Am gestrigen Fronleichnam nahmen rund 1.500 Gläubige an einem gemeinsamen Gottesdienst mehrer katholischer Gemeinden mit anschließender Prozession teil. Die Feierlichkeiten begannen unter freiem Himmel auf der Fläche zwischen dem Eckensee und dem Neuem Schloss statt. Dessen Freitreppen vor dem Ostportal zierte ein Blumenteppich aus vielen hundert Blüten mit dem klassischen christlichen Symbol einer Fischsilhouette. Dahinter war ein Altar aufgebaut, der zusammen mit weiteren Pflanzen und liturgischem Schmuck fast ein veritables Gotteshaus formte.
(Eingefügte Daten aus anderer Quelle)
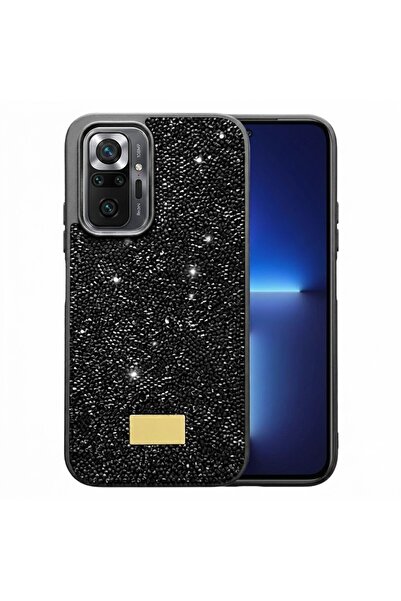 Pilanix Xiaomi Redmi Note 10 Pro Kılıf Silikon Kenarlı Taşlı Parlak Lux Diamo...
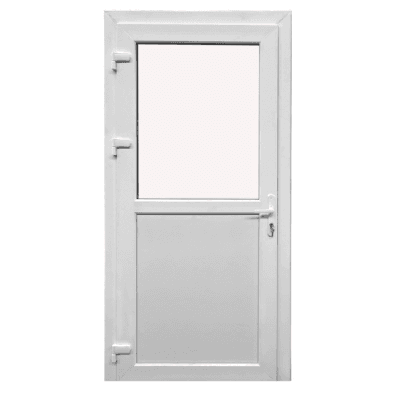 Kunststof Deur half glas Wit 101x216cm - Rechtsdraaiend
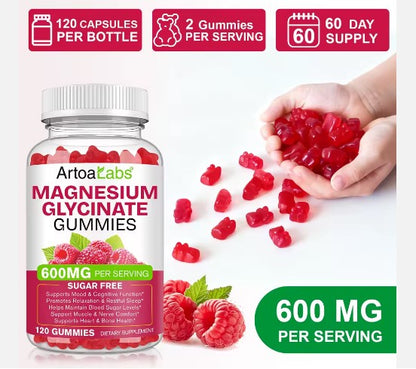 Magnesium Glycinate Gummies, 60 servings, 600mg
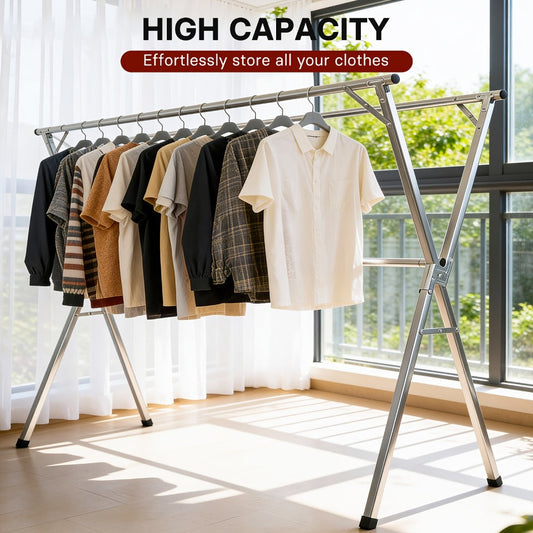 Foldable Clothes Drying Rack 3-Bar, Stainless Steel Collapsible Laundry Rack, Retractable 63" or 79" for Indoor & Outdoor Use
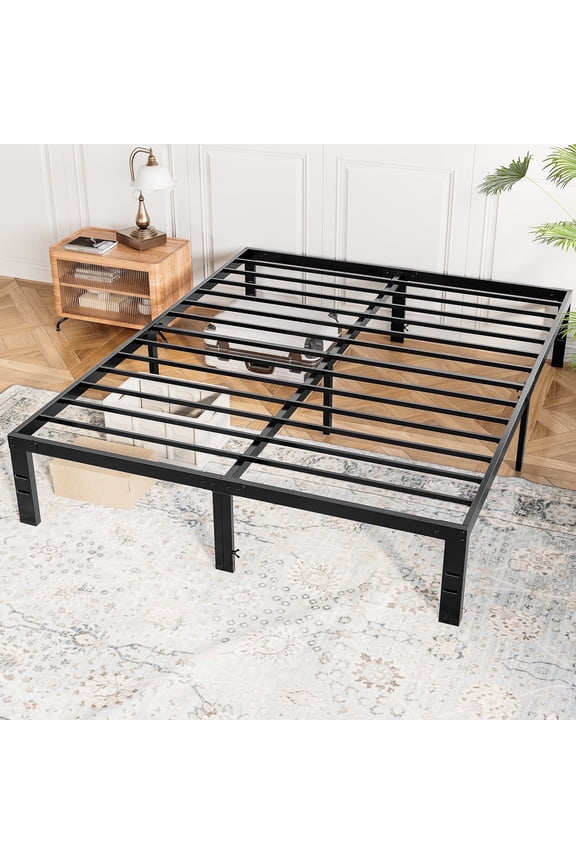 14" Full Bed Frame, Heavy Duty Metal Platform Bed Frame with Underbed Storage for Bedroom, No Box Spring Required, Black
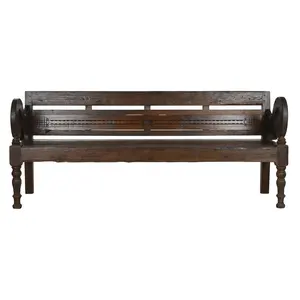 Banc en teck massif 196x68x82 75:00 Sculpté - Product Image 4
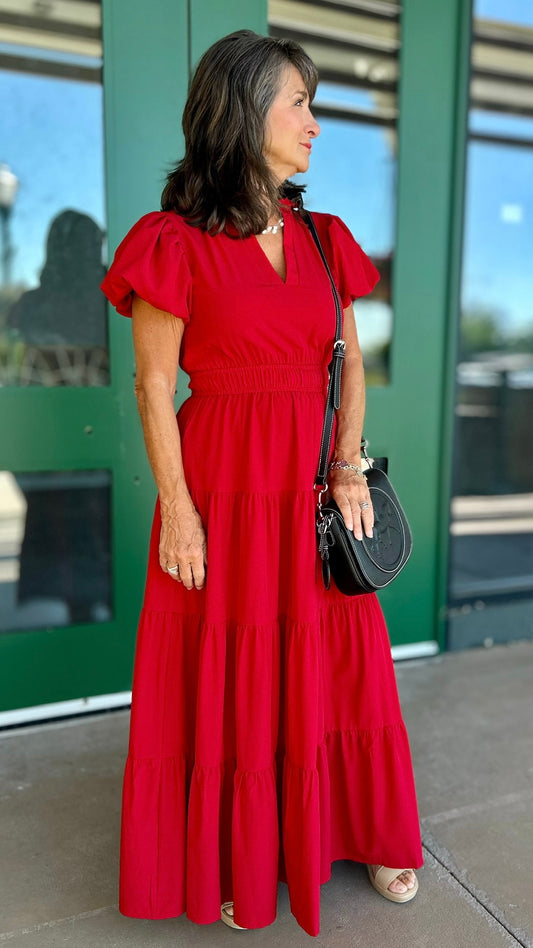 Classic Covington Maxi Dress - Crimson Red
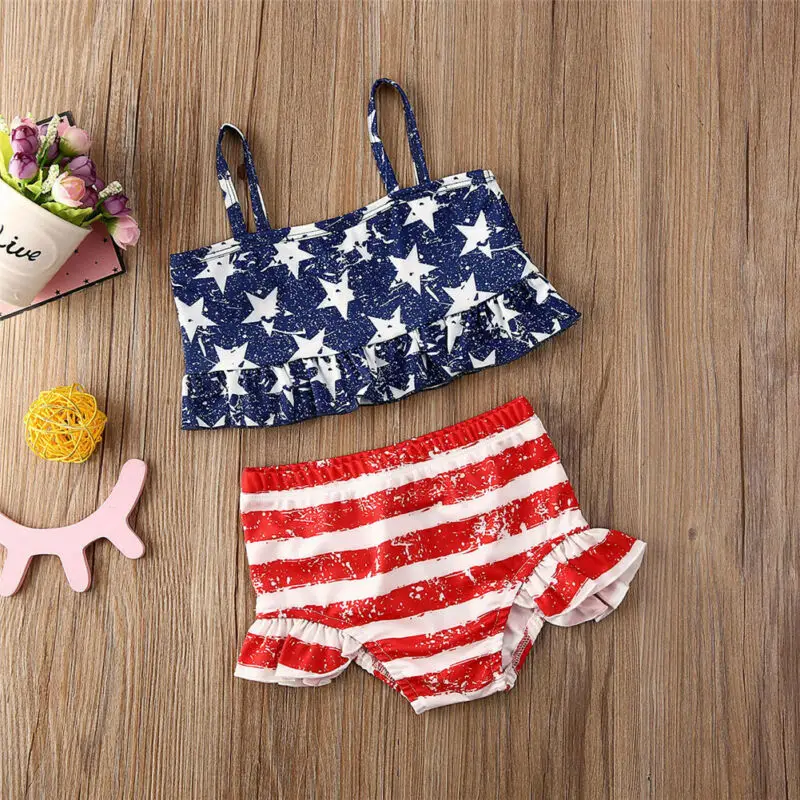 Independence Day Swimwear Toddler Kid Baby Girl Clothes Set Summer Sleeveless 4th July Striped Swimsuit Bathing Suit Clothing | Детская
Musikalisch begleitet wurde die von Stadtdekan Michael Brock geleitete Zeremonie von verschiedenen Musikern der Bläserkantorei und des Domchors sowie eine Gruppe des Musikvereins Rottweil-Neukirch, die auf ihren polierten, goldglänzenden Instrumenten dem Anlass gemäße, nachdenklich-getragene Klänge intonierte. Sogar eine mobile Holzorgel untermalte die Feiern von der Ladefläche eines Kleintransporters aus. 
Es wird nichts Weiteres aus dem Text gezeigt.